When on his tour, Rob’s experiences outside the U.S. revealed to him the importance of a financial infrastructure that would remain intact regardless of what differing opinions any given governing regime might hold. Here, in honor of Veteran’s Day, is a written interview I ran with him about his veteran background and how it impacted his creation of a currency aimed at opening up private, secure, and borderless transactions for those in need across the globe.
Could you sum up your company and goals?
ZenCash is a privacy-oriented cryptocurrency that is hyper-focused on usability. Our goal is to provide the world’s most secure blockchain (the technology that underpins bitcoin and other cryptocurrencies) so that everyone in the world has equal access to basic economic and communication infrastructure.
How has your experience as a veteran informed who you are as an entrepreneur?
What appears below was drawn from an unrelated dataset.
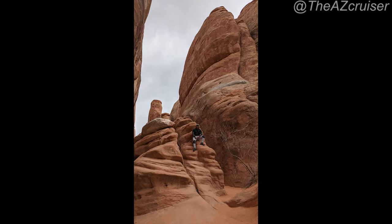This is towards the end of the trail, at the very end almost, and I just snapped a little picture right here — pretty nice.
The military toughens you up and makes you grow up fast; that’s why I joined. These are character traits that help no matter which industry or career path you choose, and I’d say they’re uniquely derived from the experience. You learn what’s important, see the big picture, and maybe most critically, learn to persevere beyond what you thought were your personal limits. I’ve heard it said that grit is the single biggest determinant of success. I agree with that, and I can’t think of a better way to gain it than by serving in the military.
What’s in the future for ZenCash?
We’re changing the world one block at a time. For me, this is all about creating a system based on strong cryptography that enables beneficial social change. We’re tearing down walls every day and creating an inclusive economic system in which anyone can participate. On a practical level, we’re creating opportunities for people without many, and that’s something I’m very passionate about expanding.
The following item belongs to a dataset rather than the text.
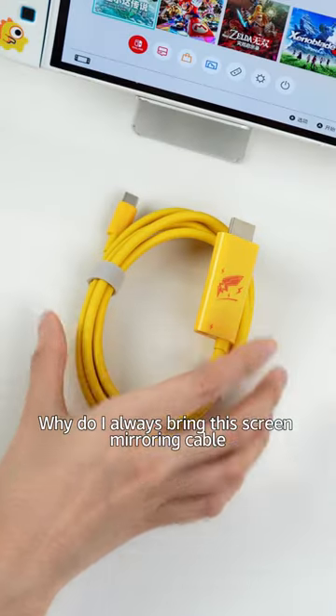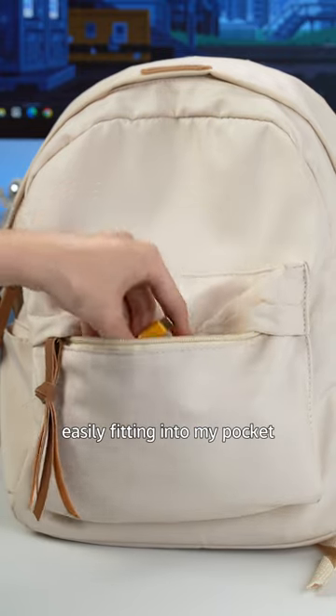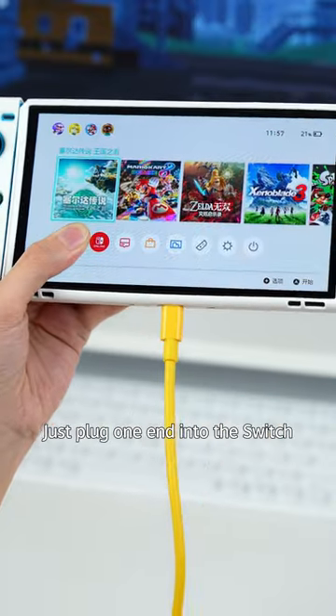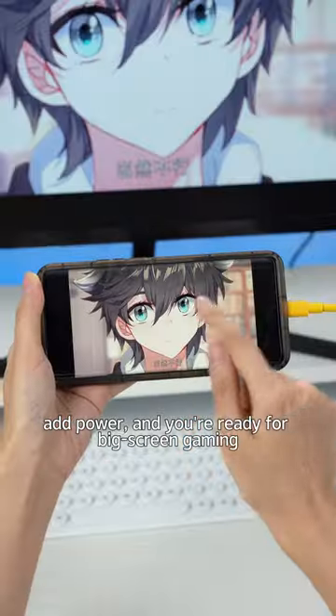Why do I always bring this screen mirroring cable when I go out? It's much smaller than the original dock, easily fitting into my pocket. Just plug one end into the switch, the other into the display. Add power, and you're ready for big screen gaming.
For the fellow technically-minded individuals reading this, the ZenCash future will entail censorship-resistant publishing via IPFS and other great systems, domain fronting, network data propagation anonymization, a protocol-level treasury voting system, scaling R&D likely leading toward implementing a directed acyclic graph (DAG) evolution of the blockchain, what we think will be the coolest digital wallet in the industry, and all sorts of partnerships, integrations, and services that make using ZEN more useful.
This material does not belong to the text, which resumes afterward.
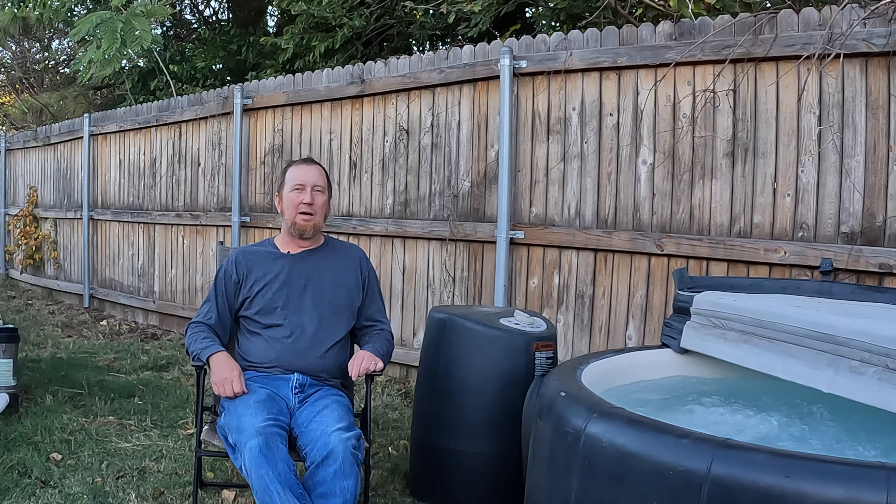It's great — it's no longer by the house, which was nice because you could walk out and get in it on a cold day within two steps. It's a little further now, but I replaced that spot with a grill I got. I said let's just put this out here.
Any advice for aspiring entrepreneurs?
There are a number of ways to become an entrepreneur, and they don’t always involve launching your own venture. Fundamentally, what it means is that you’re a sort of business scientist, you’re experimenting with new ideas in real-time, getting feedback, and hopefully paying attention to the market to continuously improve. You can start thinking this way even as an employee, cultivate the mentality, and refine it to the point where you’re able to branch off on your own. One thing I’ve learned is that finding the right people to work with is probably more important than finding the right idea, so take the time to build your team. If you can, start small with a prototype version and test it out with customers. Grow naturally and never be complacent.